In Davis, Calif., Marty Devault starts his day facing a long and brutal commute. It is some 75 miles from his home near Sacramento to his office in San Francisco. The freeway is routinely jammed. but Devault doesn't sit stewing in traffic. He climbs on a commuter train and settles in for a relaxing hour-and-a-half ride.
"This is a much more civilized way to travel," he said.
Civilized, yes - but imagine how much more civilized this it could be. California envisions a network of trains crossing the state within 10 years. The trains would run up to 220 miles an hour, making the trip from San Francisco to Los Angeles in 2 hours, 40 minutes. It's a six hour drive.
The plan got a big boost Thursday when President Obama announced $8 billion in grants for high speed rail - with the biggest chunk going to California.
"The state of California is getting $2.3 billion towards our high speed rail project this is really great great news," California Gov. Arnold Schwarzenegger said recently.
That's a small part of the $42 billion price tag, but to get construction started on the planned 800 miles of track, California voters have already approved almost $10 billion in bonds.
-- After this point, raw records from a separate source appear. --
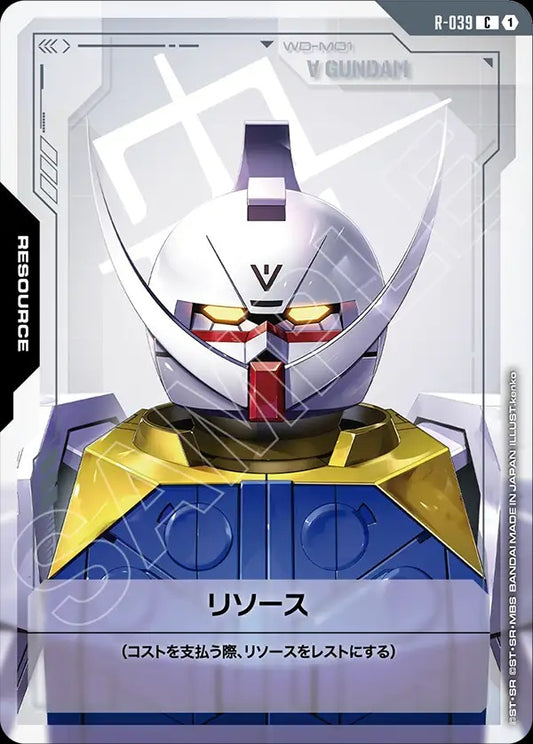 R-039 Resource 能源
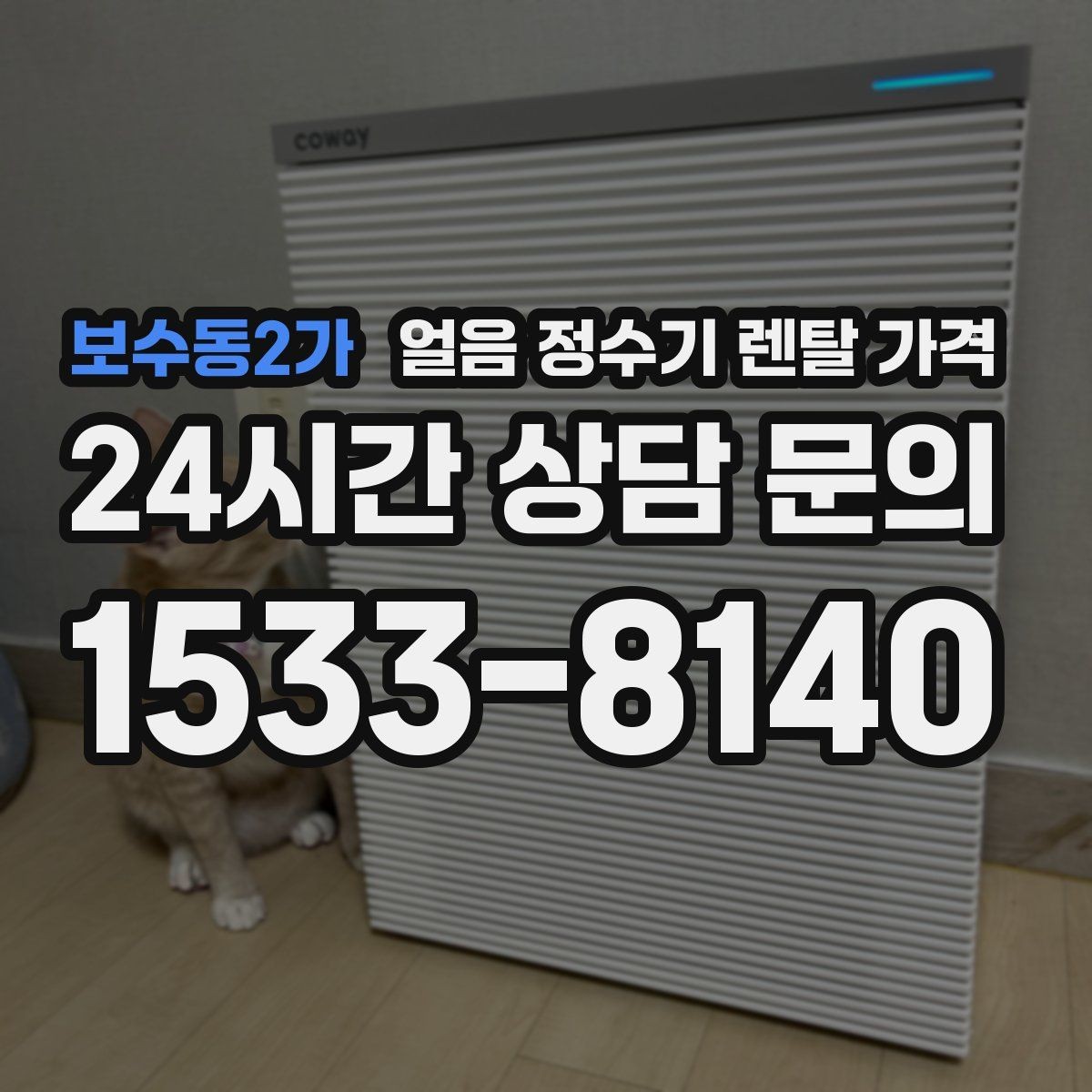 보수동2가 얼음 정수기 렌탈 가격 얼음 크기 조절 기능 필요할까
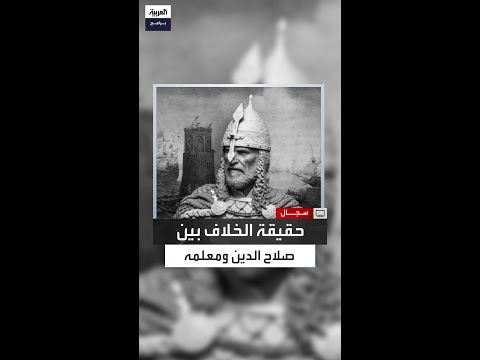 محمد مؤنس لا خلاف بين صلاح الدين ونور الدين وكلام ابن الأثير بلا مصدر 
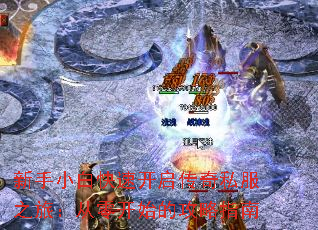 新手小白快速开启传奇私服之旅:从零开始的攻略指南 新手小白快速开启传奇私服之旅:从零开始的攻略指南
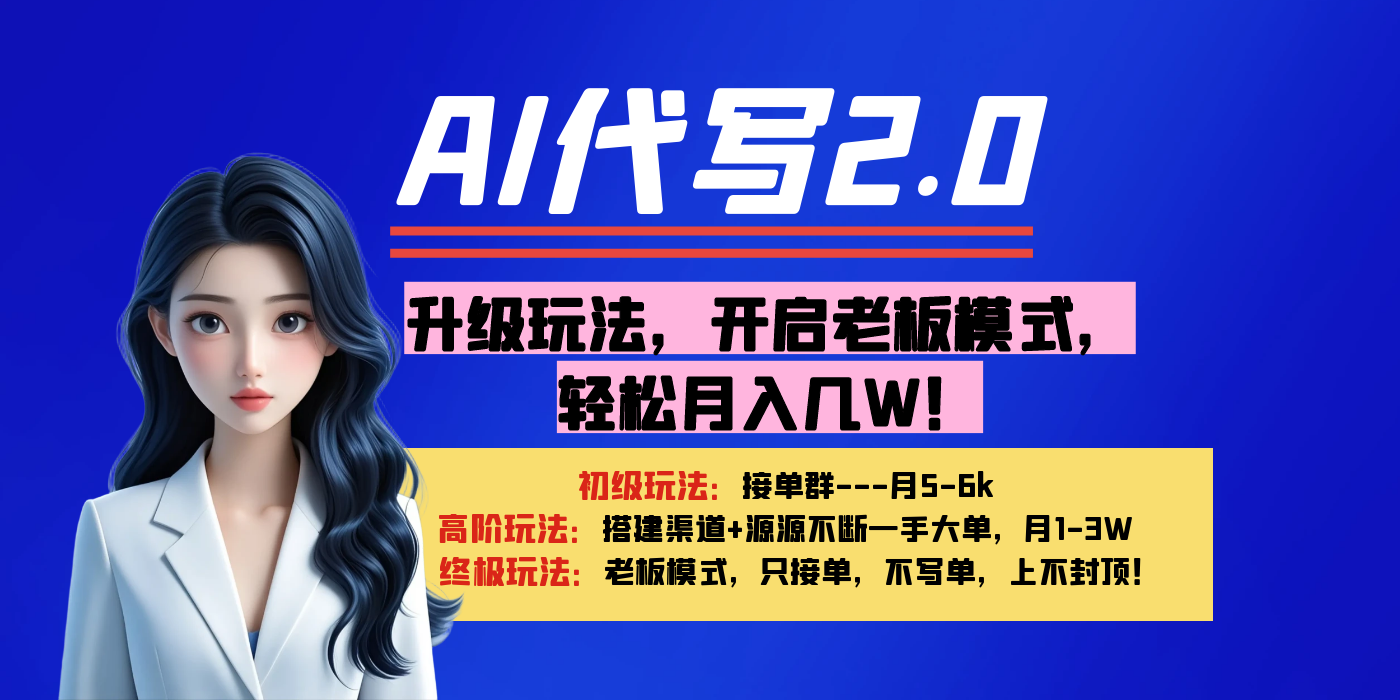 【AI代写】升级玩法，开启老板模式，轻松月入几W！-元满创业网
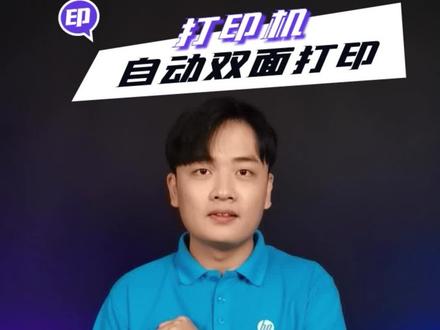 打印机自动双面打印的方法来啦,此功能适用于部分型号哦~ #打印机 #双面打印 #惠普服务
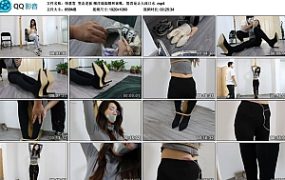 【得意客】变态老板 柳洋瑜伽服和袜靴，简直是让人流口水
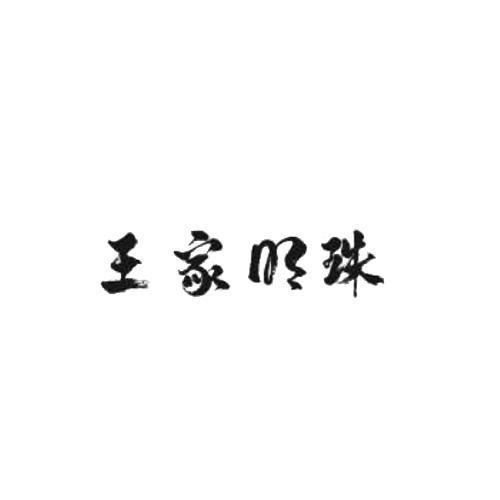 王家明珠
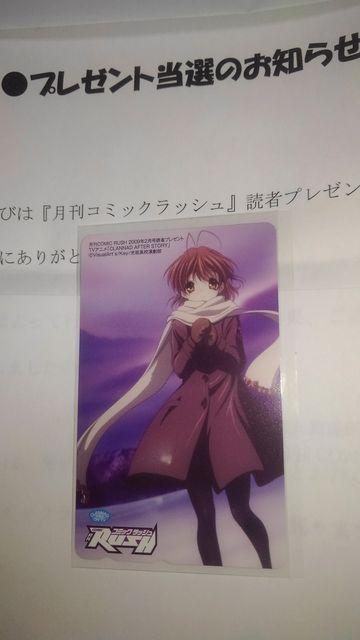 CLANNAD 񔄕i@@ezJ[h@SN@Nih@eJ  `Pbg/ 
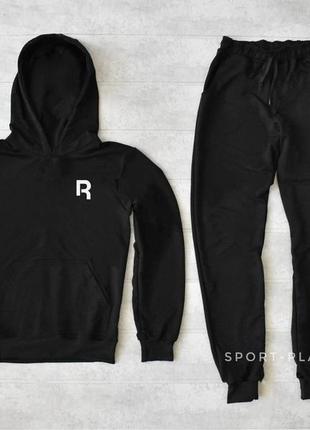Мужской спортивный костюм reebok штаны (рибок) черный , толстовка маленькая эмблема, штаны худи кенгуру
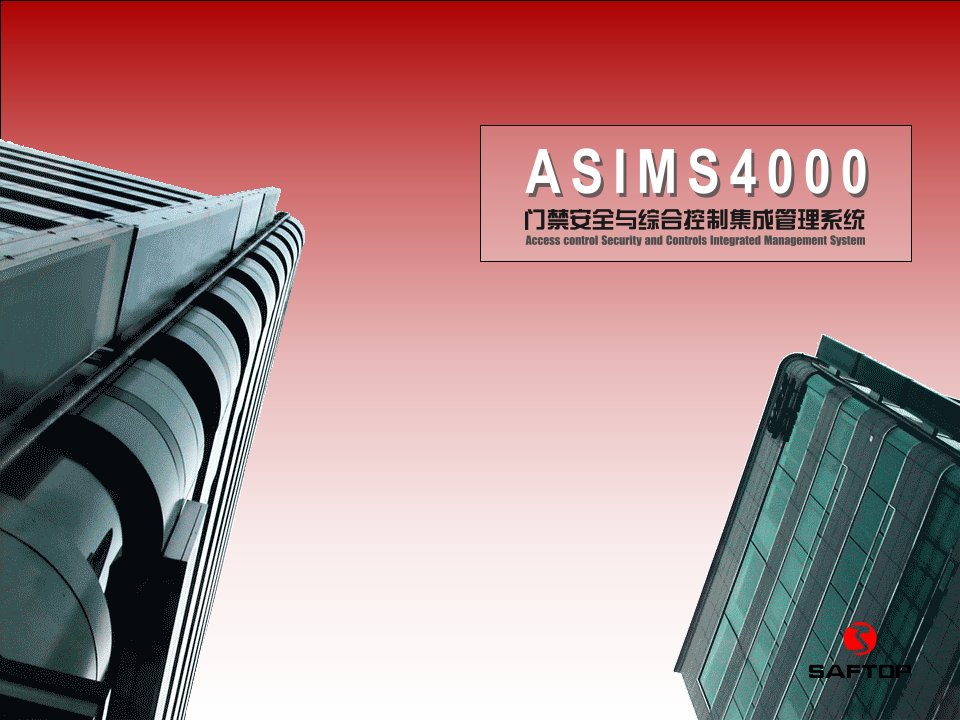 ASIMS4000产品说明ppt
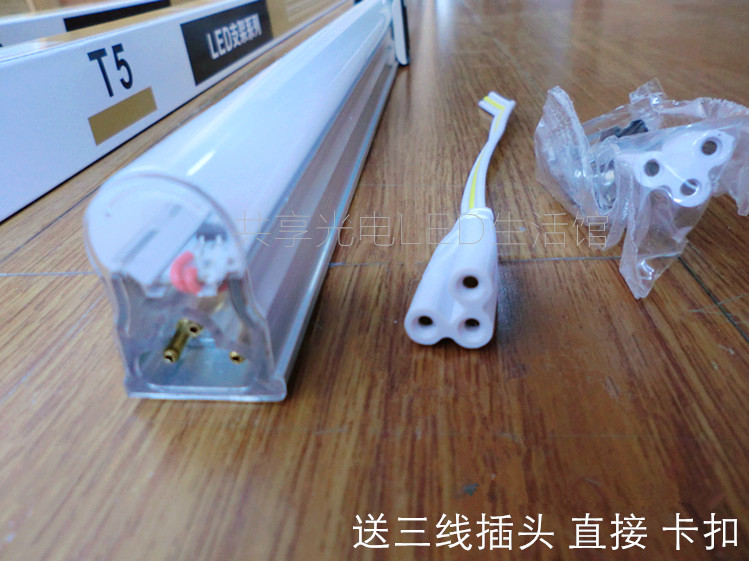 LED lighting tube T5 all-in-one bracket led fluorescent lamp pipeline trough lamp 1 2 m no dark area full set of lamps-Taobao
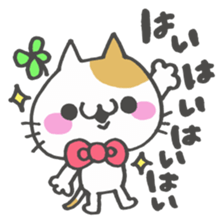 mokobutineko sticker #8564952
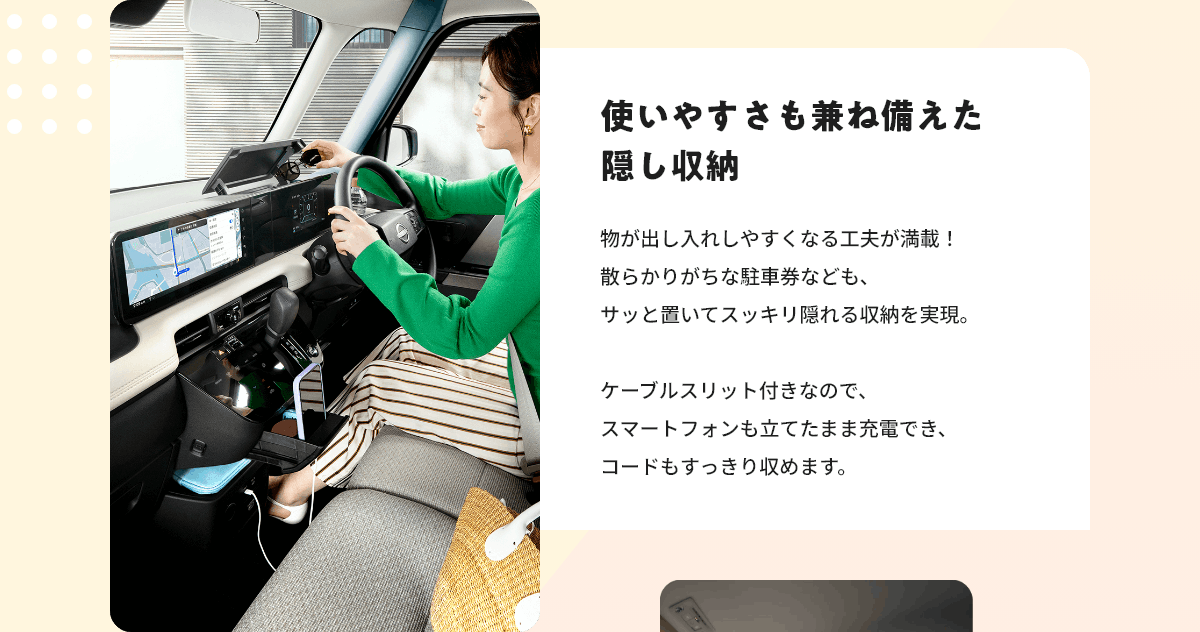 使いやすさも兼ね備えた隠し収納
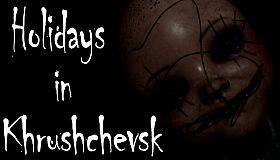 Holidays in Khrushchevsk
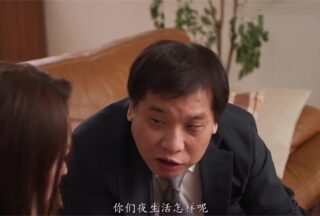 AI-Zhu Zhu-Madam’s mistake is unforgivable!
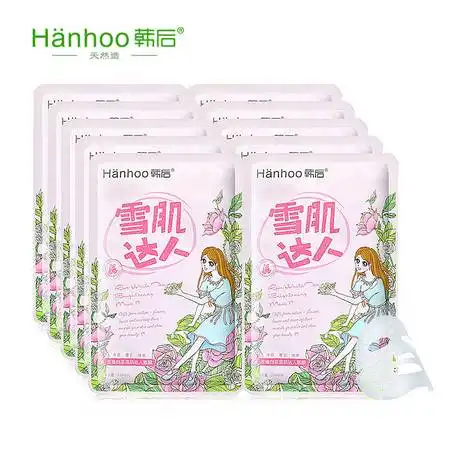 韩后玫瑰白茶美白补水面膜10片保湿补水超薄超贴天丝面膜男女
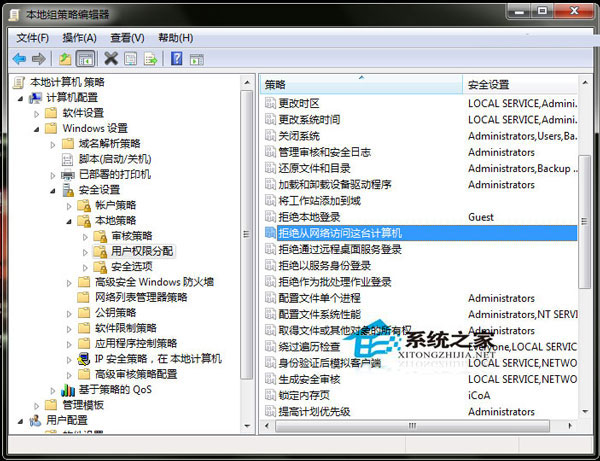 Win7訪問網上鄰居提示未授予用戶在此計算機上的請求登錄類型怎么辦？
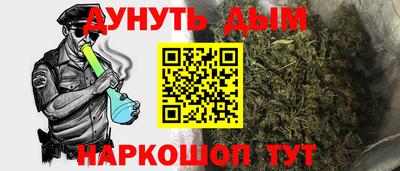 дистиллят марихуана Апрелевка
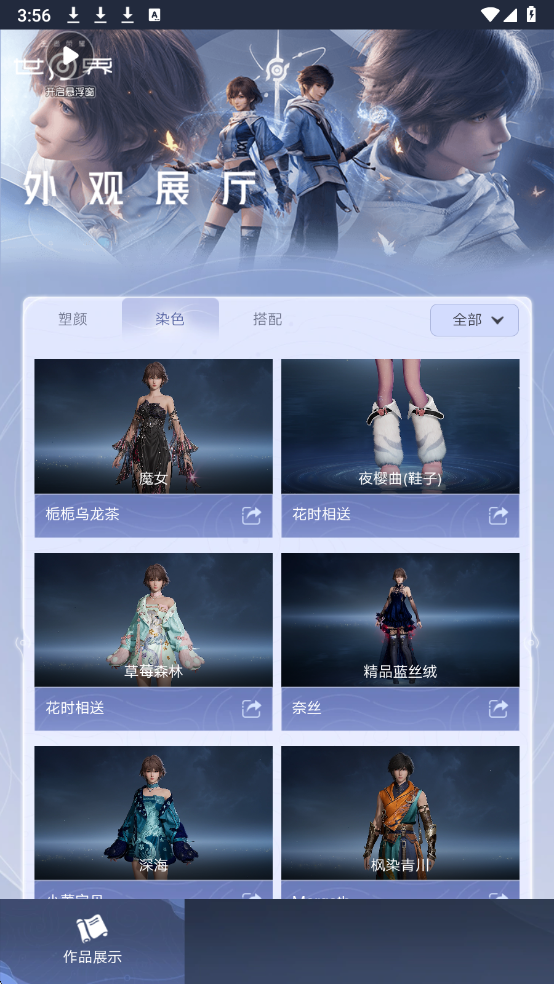 ������ҫ�������չ��������Ѱ��ͼ1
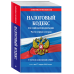 Налоговый кодекс Российской Федерации. Части первая и вторая. С учетом изменений в НДС. Текст на 17 марта 2019 года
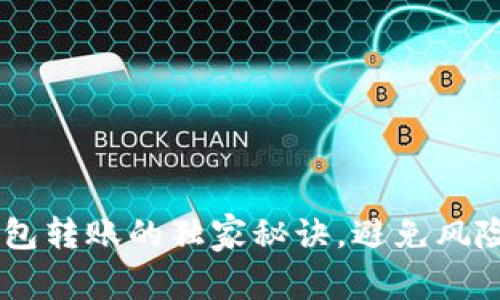 专家揭晓：USDT钱包转账的独家秘诀，避免风险的方法你知道吗？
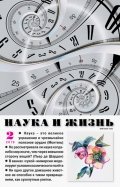 Журнал "Наука и жизнь" № 2. 2019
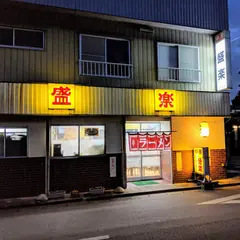 盛楽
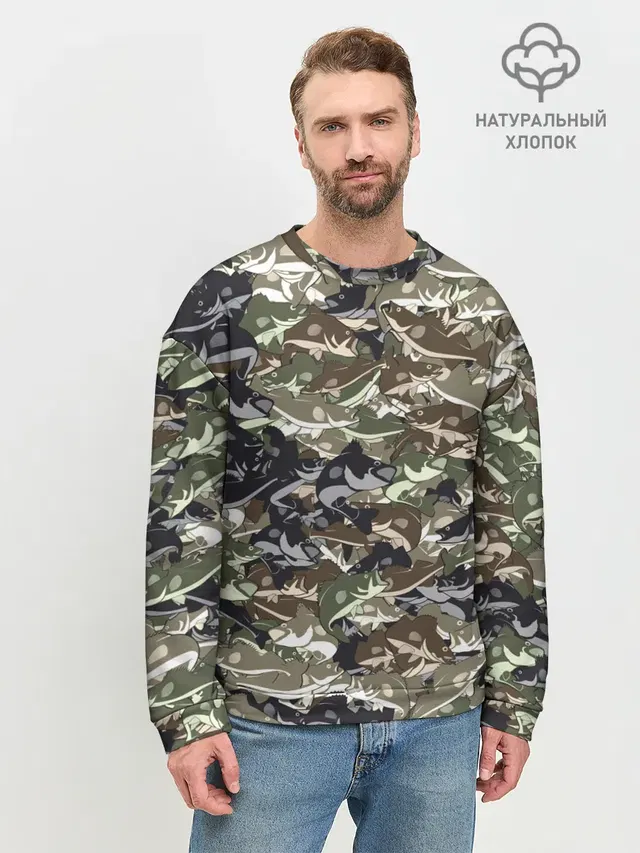 Камуфляж для рыбака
"The people have understood the difference between spending and investing in our future, and building the high speed rail is investing in our future," Schwarzenegger said.
"I would say it's almost like building the original railroad from east to west," said Tony Daniels, the project manager for California's high speed rail initative. "This is a massive project."
Daniels knows what a battle it has been to bring super-fast trains to the United States. He moved here from England 30 years ago with dreams of modernizing American rail travel
"China does it. All Asia does it. The Japanese, the French, the Germans - Why not us?" he said.
Daniels says building high speed trains is more economical than building more roads or expanding airports.
"It's taken a long time for finally the U.S. to turn around and recognize that there's another mode of travel like this that can save billions of dollars," he said.
But critics say the plan is on track to waste billions of dollars on trains most Americans won't use.
Dedicated train riders like Marty Devault do see promise in high speed rail - but American travelers now largely ignore train travel as an alternative even as they crawl on crowded freeways. The challenge for high speed rail is to change America's entrenched car culture.